Why then did I take down the piece I had written? Well, because I kept on writing to a place where white people so often go when they feel that their points of view are not being understood – I went on to a place of fear.
It’s a habit in us. Whenever we feel that we are being taken to task or held to account by black South Afrians, we don’t just argue back, we get angry back, and quickly on its tail comes fear. So my argument went that Haupt’s economic reductive analysis is a limited version of humanity (still agree with myself), and that it’s a subtle form of prejudice and we must remember that prejudice can be as deadly as racism (and although I agree with myself here, I’m not sure it was necessary to go here). Look what happened to the Jews I argued. They did not have structural power in Germany, but they had economic power. So does this mean that the Holocaust was racist, or was it prejudiced?

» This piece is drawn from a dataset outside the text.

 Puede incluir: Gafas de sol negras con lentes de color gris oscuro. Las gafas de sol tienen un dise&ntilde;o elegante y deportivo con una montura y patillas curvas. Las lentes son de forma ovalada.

How did I get from university students calling for change to the Holocaust? This is what we – white South Africans – do. First we disagree, then we become fearful and start warning people.
It is time that we began to reflect on this habit, because it is a habit, an old one, engineered in us by our apartheid past when we were fed on a diet of ‘swart gevaar’. Little has been done to undo that conditioning, and if anything, the violent crime that the country has experienced post-apartheid has actually deepened many of those fears.
And yet there is a big difference between a criminal and a protestor. Between someone with a different viewpoint to ours, and someone who actually wants to harm us. If we want to live a truly fruitful life in South Africa – a life that is not just economically fruitful – we need to start interrogating these old fears.
After all, as one black writer I know once said to me: “When has a black man ever invaded a white man’s country?”